The Chinese stock market plummeted by its largest margin since 2007 this morning. The Shanghai Composite Index fell over 8.5% this morning, kickstarting a string of losses and sell offs across global markets. Local media outlets in China are calling it “Black Monday”.
Japan’s Nikkei tumbled 4.6%, the largest one-day decline since June 2013 while the Australian Securities Exchange had its biggest one-day sell off in over 6 years.
The Footsie is currently down 4.5%, skimming off another £60bn from the top 100 companies to add to the £41bn lost last Friday. Europe has been squeezed too.
“Mayhem in the European markets this morning, as €230bn has been wiped off the pan-European FTSEurofirst 300” – Tara Cunningham, Telegraph.
Both the FTSE and the DAX have reputedly reached “bear market” status – the name given to markets where share prices are falling rapidly, encouraging selling.
Leading the losses in Europe are basic resource stocks particularly in mining following concerns about the impact of China’s economic slowdown and a drop in factory output: China is its biggest single destination market. Shares in Anglo American and BHP Billington are down 7 per cent and miner and commodities trader Glencore is at minus 8 per cent. The Nasdaq lost 8.5 per cent in US markets and the Dow Jones fell 6.4 per cent.
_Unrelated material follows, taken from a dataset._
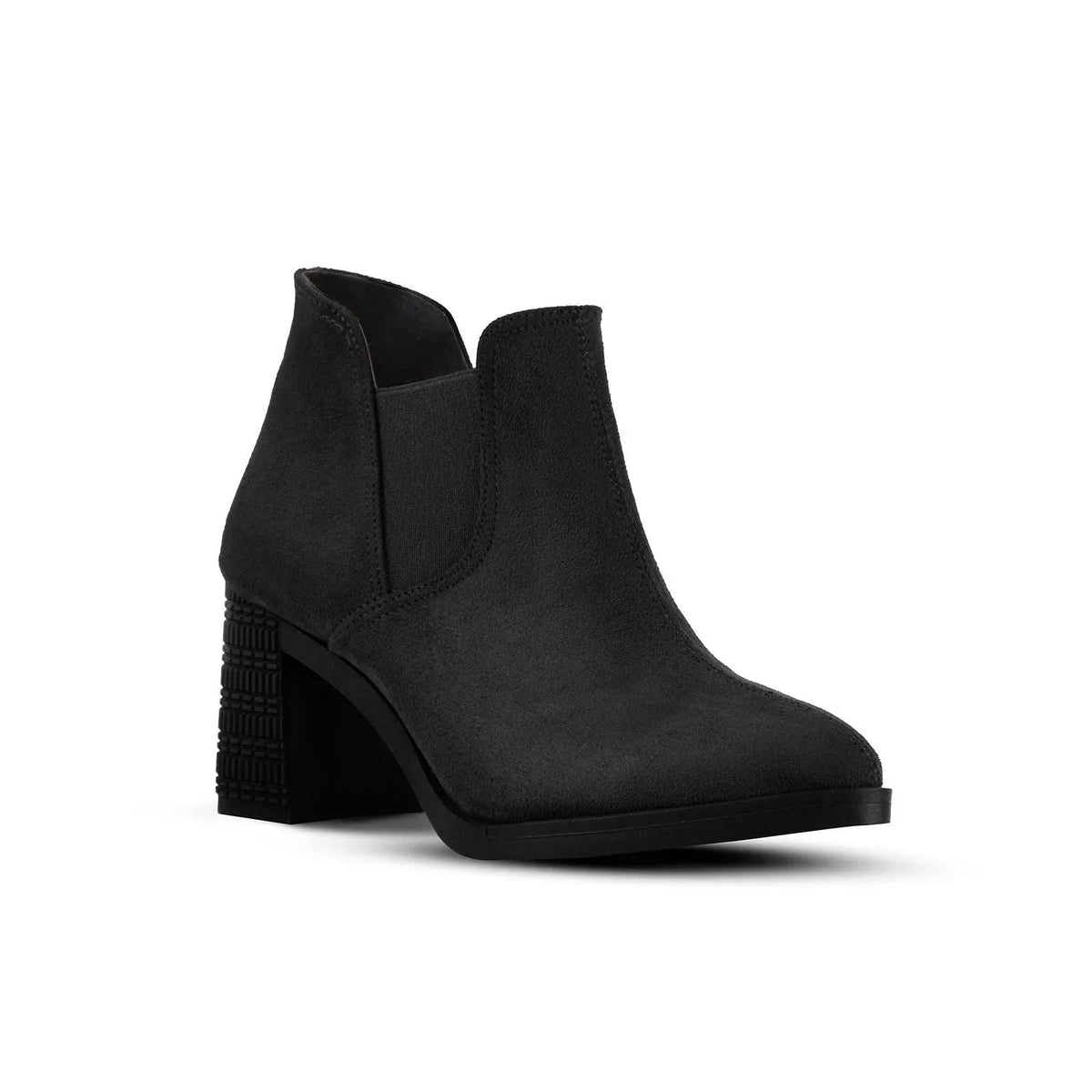 Black Slit Heeled Bootie - CANVAEGYPT - tryon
The knock on has hit oil too. West Texas Intermediate crude and Brent crude have both hit their lowest level in six years, down 3.5 per cent at $39.05 for WTI and 3.9 per cent at $43.41 for Brent.
However the yen has gone up 0.6 per cent to 121.3 per US dollar. Investors are treating it as a haven asset amongst the market turmoil in the surrounding area.
According to Bloomberg, more than $5 trillion has been wiped off the value of global stock markets since Beijing devalued the yuan two weeks ago.